Macroeconomic forecasters have struggled to reliably pinpoint the precise timing of business cycle turning points and future recessions. Recognising this inherent difficulty, a growing body of work has shifted focus to probabilistic models, aiming to assess the risk of a future downturn rather than attempting exact prediction.

Researchers from major institutions, including the IMF, ECB, and the Bank of England, have lauded Random Forests (RF), or closely related methods, as the most consistently effective machine-learning method for identifying crisis episodes, often deemed superior to traditional probit/logit modelling [Bluwstein et al. (2020), Hellwig (2021), IMF (2021), Jarmulska (2020)]. However, the OECD Working Paper, Harnessing the wisdom of crowds to assess recession risks in OECD countries” (Chalaux et al, 2025), challenges this prevailing view, demonstrating that a customised algorithm based on enhanced probit modelling can match, and in some key areas surpass, the performance of Random Forests when predicting recession episodes across 20 OECD countries.

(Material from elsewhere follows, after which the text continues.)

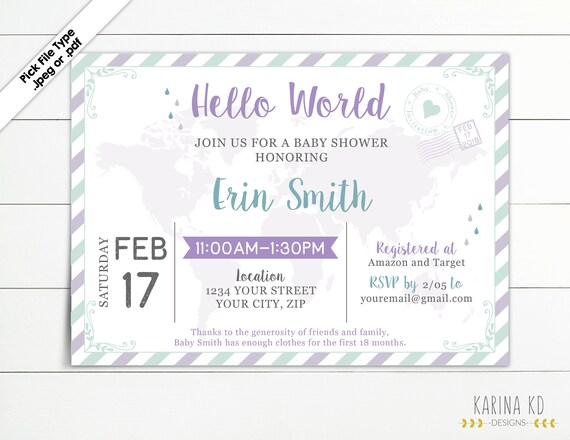hello world baby shower invitations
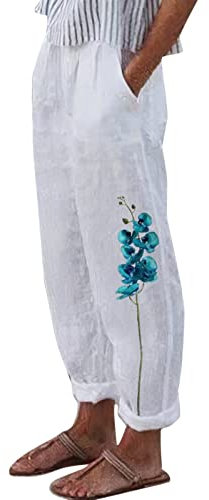 GFPGNDFHG Bequeme Hose Damen Für Set Lässige Taille mit Taschen Hohe Lange Hosen Frauen drucken gerade Baumwolle lose Hosen Damen Freizeithosen Weite Hose Damen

The key to this revitalisation of probit modelling lies in embracing the concept of ensemble forecasting, the “wisdom of crowds.”

The Doombot Algorithm and the Power of Averaging

The working paper introduces the latest version of a highly customised algorithm known as Doombot. While Random Forests achieve superior performance by averaging predictions across many decision trees, the newest Doombot algorithm mimics this strategy by averaging predictions from many well-fitting probit equations. This feature, termed the “wisdom of crowds,” boosts the algorithm’s out-of-sample predictive capability. The benefit of averaging is widely acknowledged in the broader forecasting literature, where simple averages often outperform more complex aggregation schemes.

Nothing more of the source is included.